(Items from a data source)
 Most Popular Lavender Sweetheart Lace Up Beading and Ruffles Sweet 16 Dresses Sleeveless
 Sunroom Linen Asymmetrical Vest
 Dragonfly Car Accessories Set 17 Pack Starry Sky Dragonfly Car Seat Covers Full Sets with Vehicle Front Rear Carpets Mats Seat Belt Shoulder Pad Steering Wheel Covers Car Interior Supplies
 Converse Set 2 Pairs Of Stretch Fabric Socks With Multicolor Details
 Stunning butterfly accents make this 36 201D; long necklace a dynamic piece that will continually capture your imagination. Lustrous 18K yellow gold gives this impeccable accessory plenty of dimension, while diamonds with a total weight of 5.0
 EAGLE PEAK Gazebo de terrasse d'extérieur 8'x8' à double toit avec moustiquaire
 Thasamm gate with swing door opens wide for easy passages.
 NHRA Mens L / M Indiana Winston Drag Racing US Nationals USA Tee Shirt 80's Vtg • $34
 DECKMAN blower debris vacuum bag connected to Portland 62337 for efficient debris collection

* * *

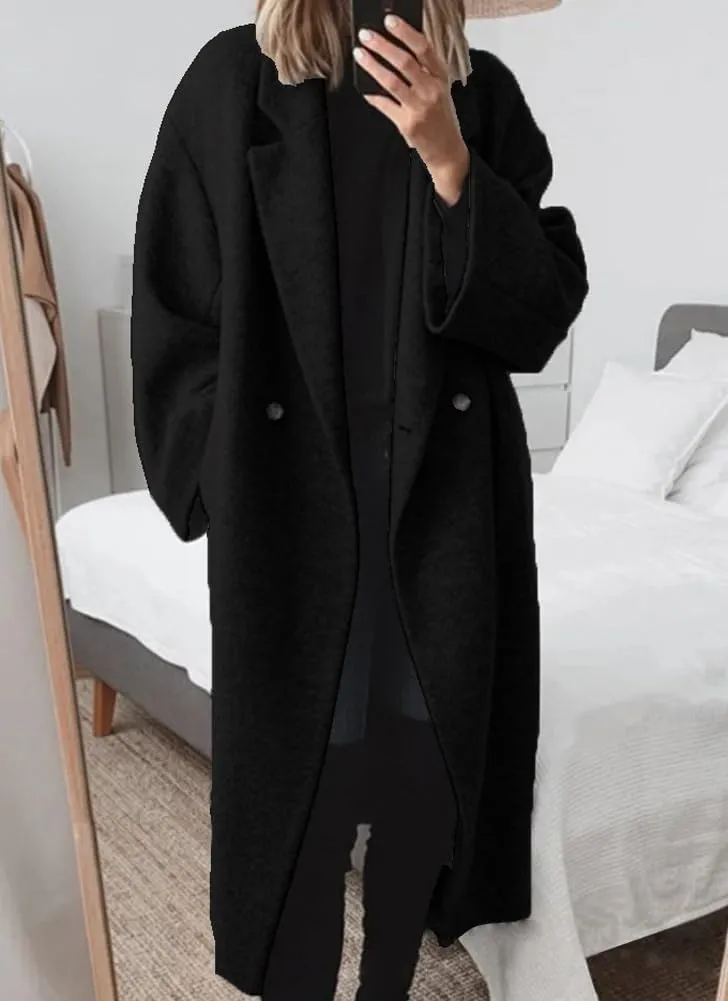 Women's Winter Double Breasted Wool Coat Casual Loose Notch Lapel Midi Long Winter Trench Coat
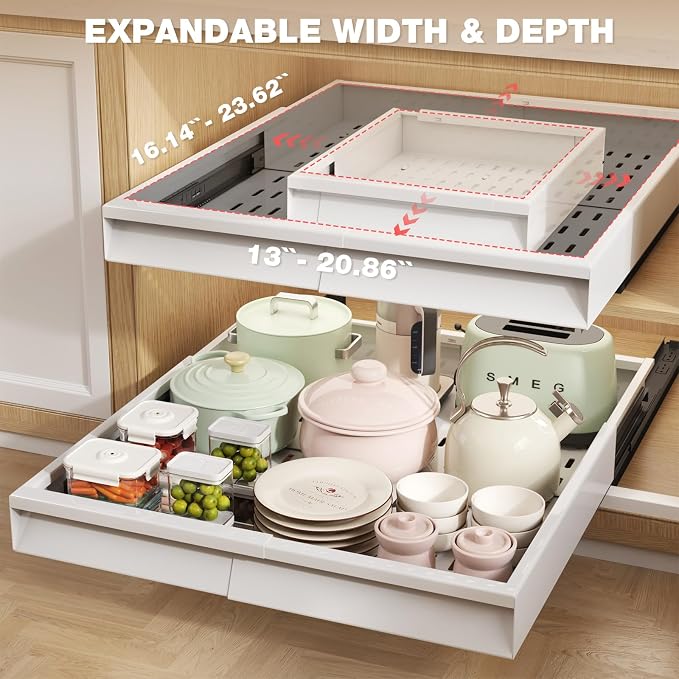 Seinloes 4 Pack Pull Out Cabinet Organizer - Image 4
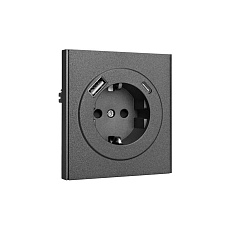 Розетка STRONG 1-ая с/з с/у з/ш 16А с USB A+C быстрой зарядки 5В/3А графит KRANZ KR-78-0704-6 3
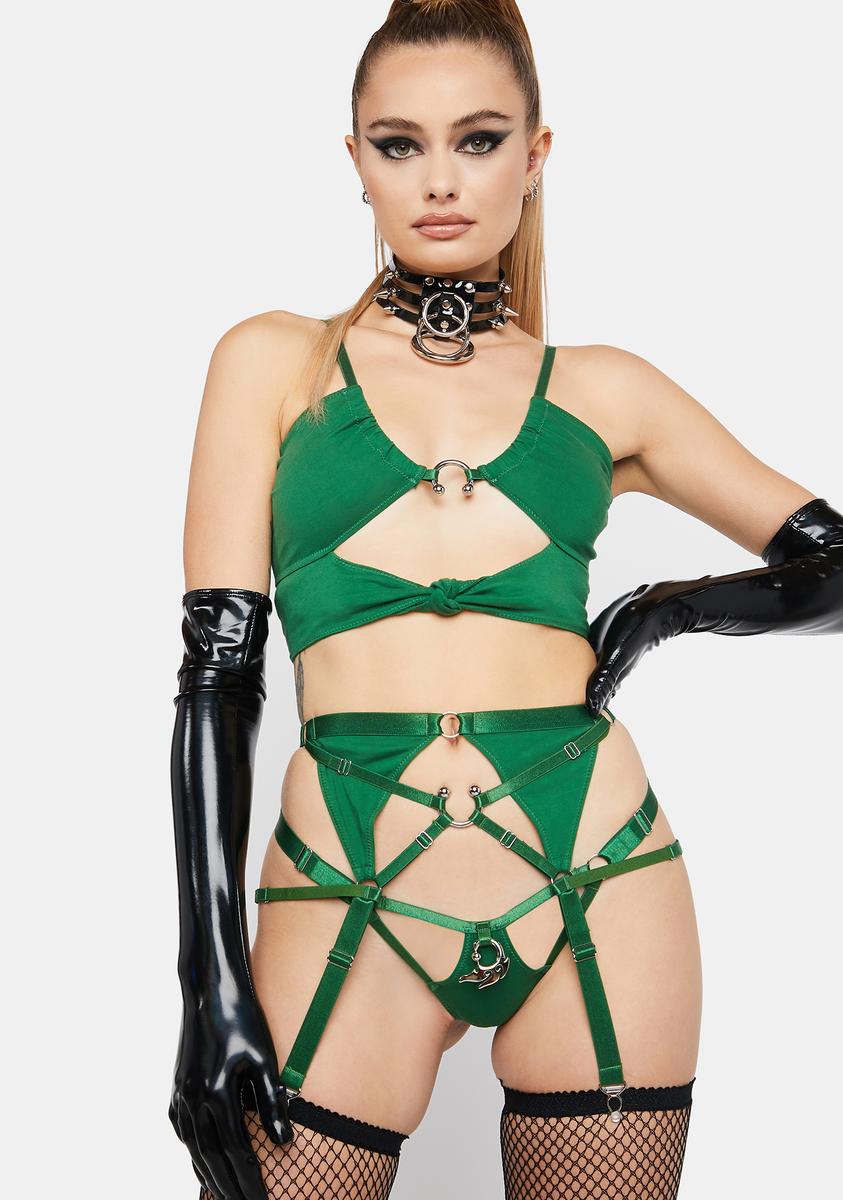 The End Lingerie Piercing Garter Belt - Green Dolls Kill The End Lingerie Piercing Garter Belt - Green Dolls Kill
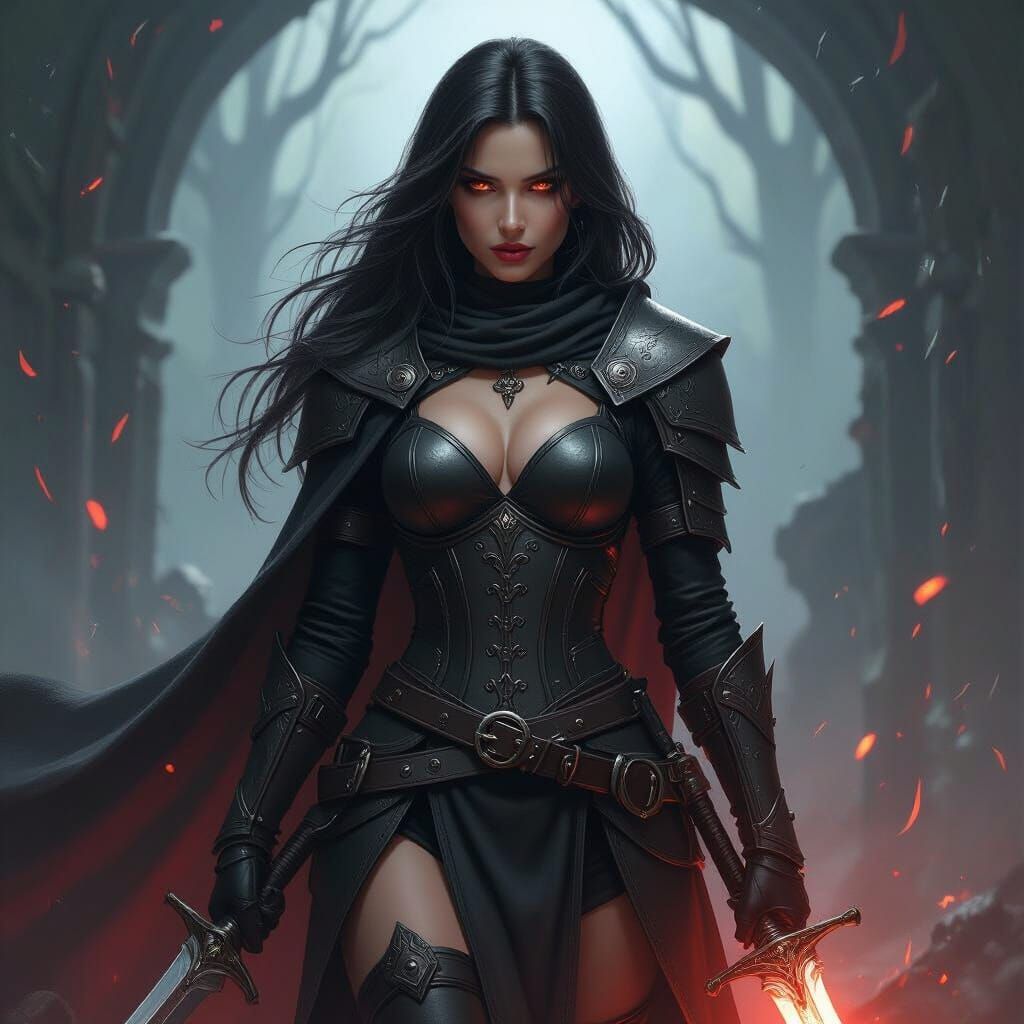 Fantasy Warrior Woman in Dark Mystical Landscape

### WHAT YOU SHOULD DO
Among the entries above, copy exactly the stretch from the line holding "Розетка STRONG 1-ая" through the line holding "Fantasy Warrior Woman", leaving out any pictures.

### RESPONSE FOR THIS EXERCISE
 Розетка STRONG 1-ая с/з с/у з/ш 16А с USB A+C быстрой зарядки 5В/3А графит KRANZ KR-78-0704-6 3
 The End Lingerie Piercing Garter Belt - Green Dolls Kill The End Lingerie Piercing Garter Belt - Green Dolls Kill
 Fantasy Warrior Woman in Dark Mystical Landscape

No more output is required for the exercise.